RAG systems break on real data: the culprit is retrieval, not the model
RAG pipelines often break not because of the model, but because of retrieval. When the system retrieves the wrong document or text chunk, even GPT-4 starts hall

A RAG pipeline looks like magic: load documents, chunk them, generate embeddings, connect a vector database. Ask a question — the model answers confidently and in detail. Show it to the client, they're impressed. But then real testing on actual questions begins, and it turns out the system misses half of them.
RAG's Bottleneck
On real questions, the system often answers incorrectly. It finds the wrong document entirely, or finds the right document but extracts the wrong text chunk, or retrieves nothing relevant at all, and the model confidently hallucinates. It seems the problem is with the model. In reality, retrieval is at fault.
GPT-4 and Claude answer perfectly if given the right context. If the context is wrong — hallucination is guaranteed, no matter how good the model is. The model answers only as well as the context provided to it.
The problem is not in the models. The problem is in retrieval — in how we search for relevant document chunks from your database. This is the bottleneck through which the entire RAG pipeline passes. If retrieval gives the model the wrong context, everything else is wasted time and money.

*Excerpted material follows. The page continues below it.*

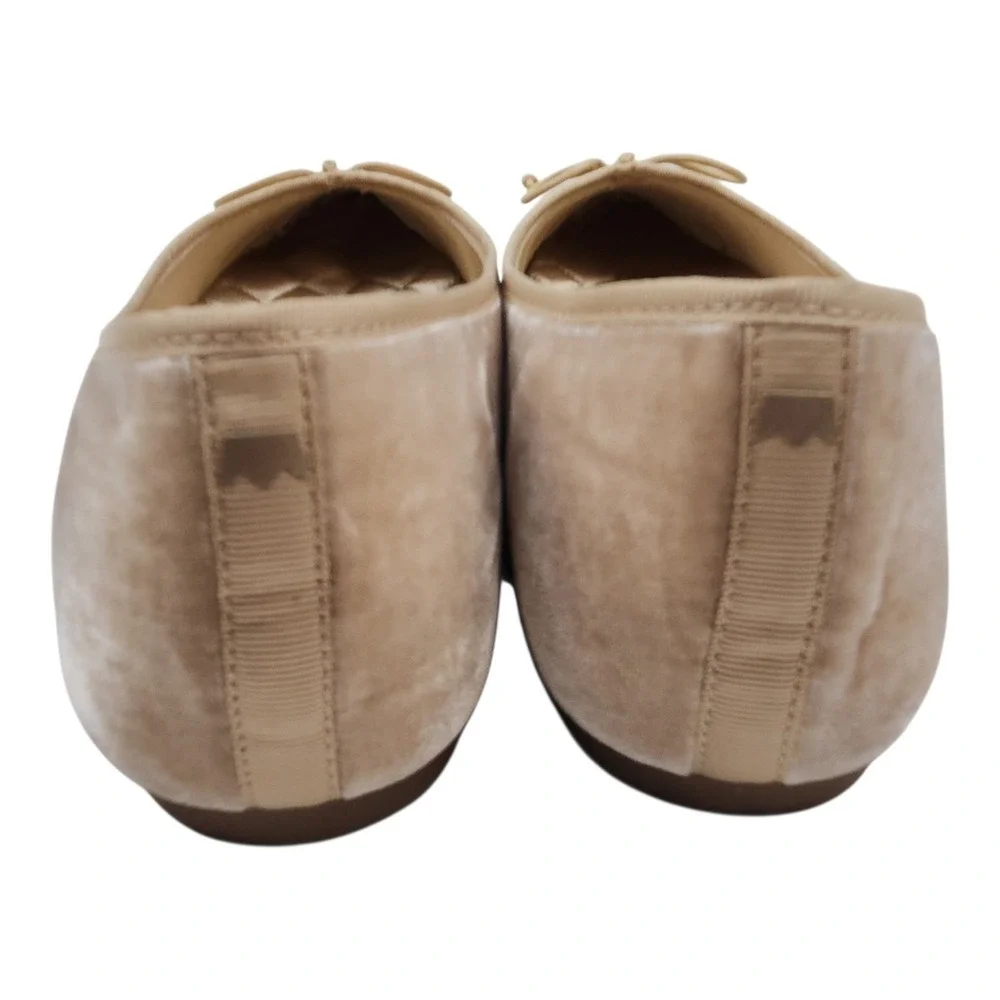 Birdies The Goldfinch Flats 8.5 Tan Champagne Velvet Pointed Toe Bow Balletcore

"The model answers only as well as the context provided to it."
When Retrieval Breaks
Retrieval can break for dozens of reasons. Here are the most common:
- Chunking too large or too small. A 512-word chunk can capture neighboring context instead of the needed piece. A question about return policy, chunk contains a size table description
- Embeddings generated for English-language data, but the question is in Russian. The semantic distance between the vector of the question and vectors of documents is huge, no matches
- The question is rephrased such that the vector of its embedding does not match vectors in the database. You're looking for "return order", documents contain "product return" — different semantics
- Relevant document found 8th out of 10, but the model was fed only top-5 results. The needed context simply doesn't fall within the visibility window
- Index filled with duplicates and noise. Many irrelevant chunks push the correct information out of the results
Each of these problems leads to the same result: the model hallucinates instead of providing the correct answer.
The Cost of Retrieval
Optimizing retrieval is not a hobby for enthusiasts. It's real work: a week or two spent by a developer on analysis will reveal the system is 30-40% below expected accuracy. The reason is not the model, but that retrieval is searching incorrectly. On real projects, this is a huge loss: time spent on RAG, money spent on infrastructure, and the system doesn't work because document vectors don't match question vectors.
What This Means
RAG works only if retrieval works. Without it, even the best model will be wrong. This means that before launching RAG to production, you need to invest serious time in optimizing search, testing on real data, and then iteratively improving the retrieval pipeline.